“It’s not fair that women don’t get to orgasm.”
—Betty Dodson, sex innovator and activist
So, for all of us who’ve ever faked an orgasm. For all of us who came late to the dependable power of the clitoris. For all of us still trying to maintain capacity, potency, and sexual vitality.
For all of us, there is Betty Dodson.
She was ribald and norm-busting. She was an art student who was raised on a farm in Kansas with three brothers. She was one of a vanguard of feminist women (read about the others in our series here and here) who found their stride and their calling in the sexual revolution in the 1970s. She celebrated sex of all kinds, but focused on the special role of the clitoris in female orgasm. She died this year at 91 on Halloween morning, just as outspoken and bawdy as she had lived. “We need to embrace death like it’s our final orgasm,” she said in 2014.

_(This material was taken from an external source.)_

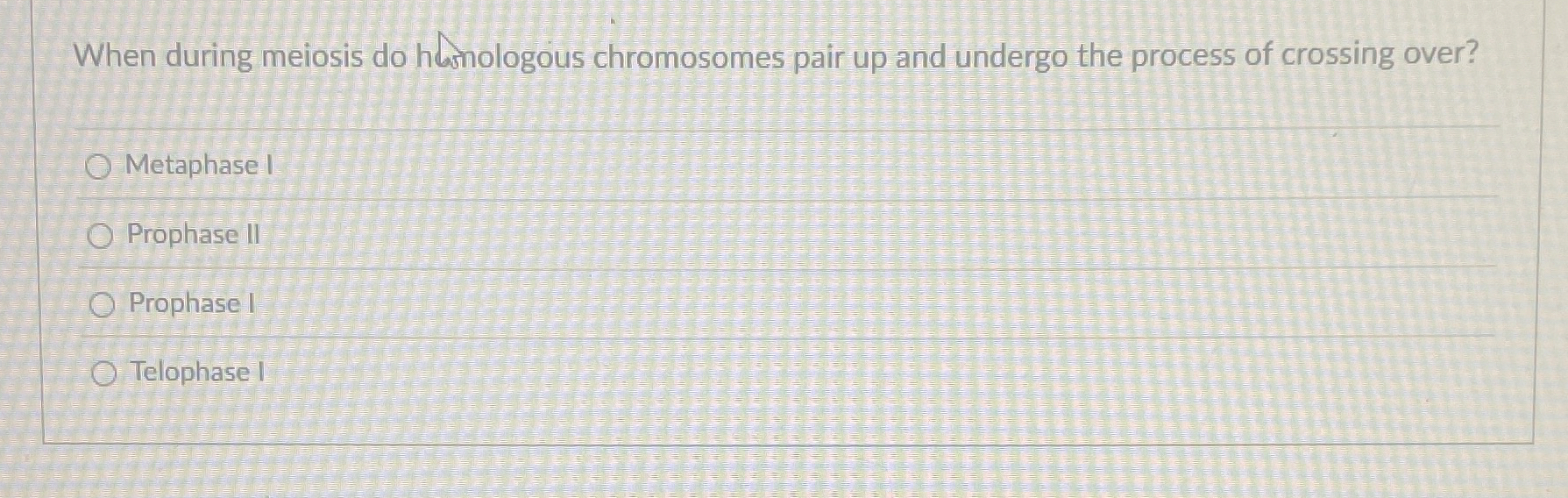 When during meiosis do hamologous chromosomes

Of course Betty migrated to New York City from the farm to work as an artist. Kansas could not contain a personality the size of Betty. After participating in several sexual swap meets, she noticed that even the most uninhibited, free-loving women struggled to orgasm. Thus began Betty’s focus on the clitoris and its ability to allow women to dependably orgasm and to release them from dependence on men for sex. She developed a workshop to teach women about their own body parts as well as how to masturbate effectively—the Bodysex workshops. And thus began her life’s “work” of modeling unapologetic, unbounded sexuality.

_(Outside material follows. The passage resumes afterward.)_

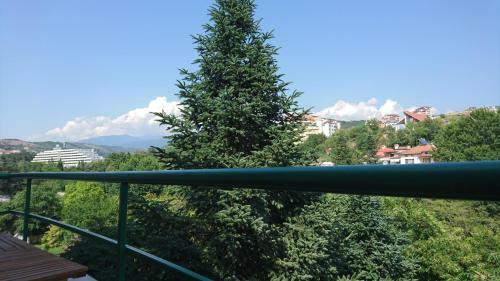 Park Apartments & Rooms Popovi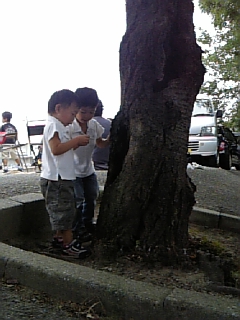 b0081518_026231.jpg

The workshops were a place for women to overcome embarrassment and body-shame and to experiment with pleasuring themselves. Clinical studies suggest that they continue to have a 93 percent success rate in helping anorgasmic women achieve orgasm, not just by experimenting with clitoral stimulation but by confronting “repressed shame, guilt, and other negative feelings associated with body, genitals, and sexuality, and the repressed sexual pleasure and desire,” according to an article in Jezebel.

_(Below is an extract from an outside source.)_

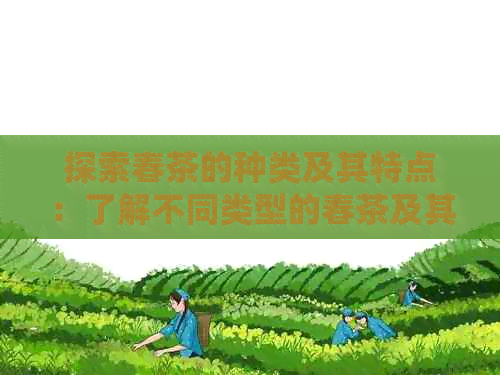 探索春茶的种类及其特点：了解不同类型的春茶及其口感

She also gave sex a wide-open, shame-free space to roam. She described herself as a “heterosexual, bisexual lesbian.” She enjoyed a 10-year affair with a man 50 years younger (which she broke off because she didn’t want to be another Hugh Hefner) and ended her life with Carlin Ross, 47, her business partner with whom she demonstrated the Bodysex masturbation method live on camera while filming series 3 of Gwyneth Paltrow’s Goop Lab Netflix series.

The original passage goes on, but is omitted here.